Data for review =>
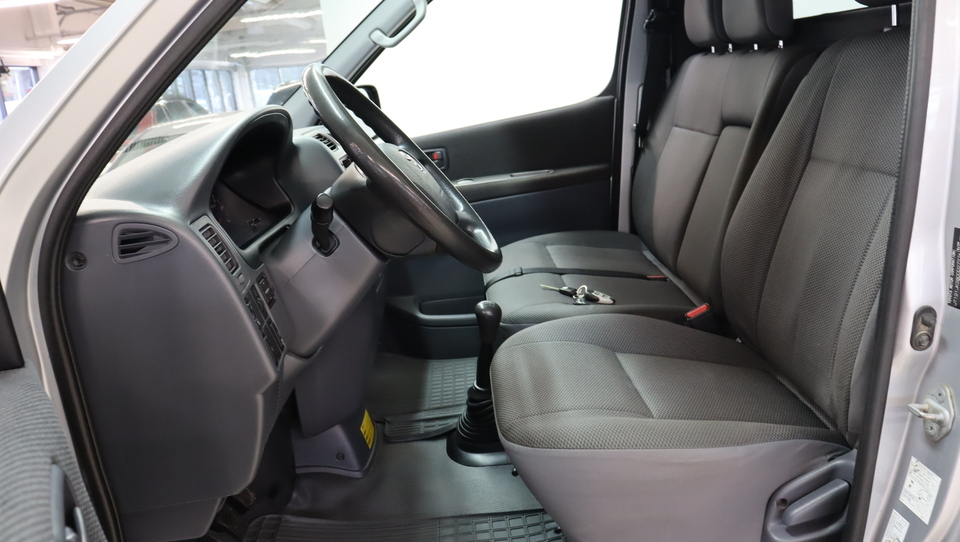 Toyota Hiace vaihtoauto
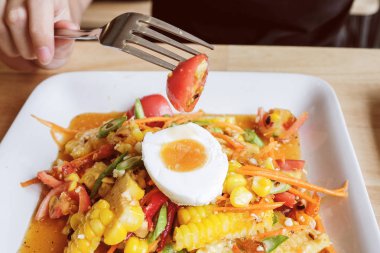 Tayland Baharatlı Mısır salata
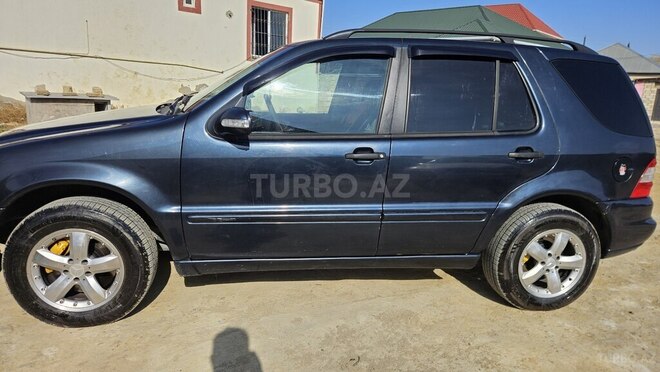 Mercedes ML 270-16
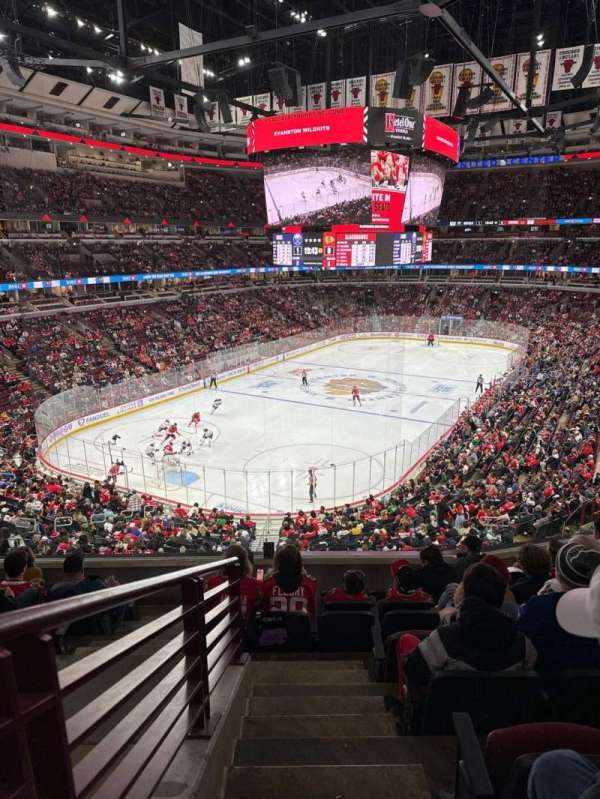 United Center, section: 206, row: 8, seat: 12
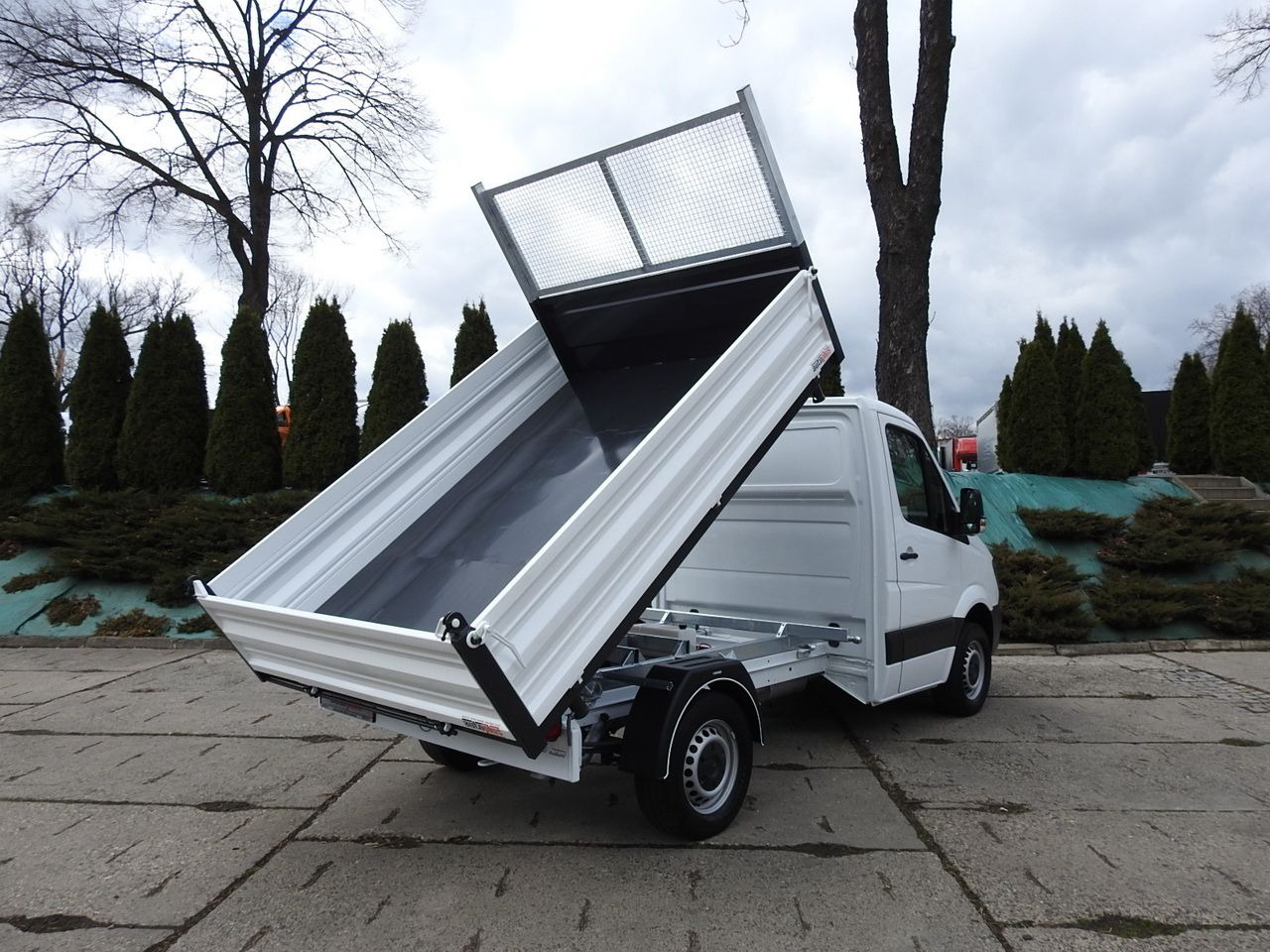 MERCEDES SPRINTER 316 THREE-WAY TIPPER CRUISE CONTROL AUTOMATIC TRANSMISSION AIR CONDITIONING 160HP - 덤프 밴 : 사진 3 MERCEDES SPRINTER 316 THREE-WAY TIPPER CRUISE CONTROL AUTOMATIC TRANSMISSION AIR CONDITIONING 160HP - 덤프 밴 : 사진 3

Work task => Using the material above, retype each entry exactly and omit the pictures.

Solution =>
 Toyota Hiace vaihtoauto
 Tayland Baharatlı Mısır salata
 Mercedes ML 270-16
 United Center, section: 206, row: 8, seat: 12
 MERCEDES SPRINTER 316 THREE-WAY TIPPER CRUISE CONTROL AUTOMATIC TRANSMISSION AIR CONDITIONING 160HP - 덤프 밴 : 사진 3 MERCEDES SPRINTER 316 THREE-WAY TIPPER CRUISE CONTROL AUTOMATIC TRANSMISSION AIR CONDITIONING 160HP - 덤프 밴 : 사진 3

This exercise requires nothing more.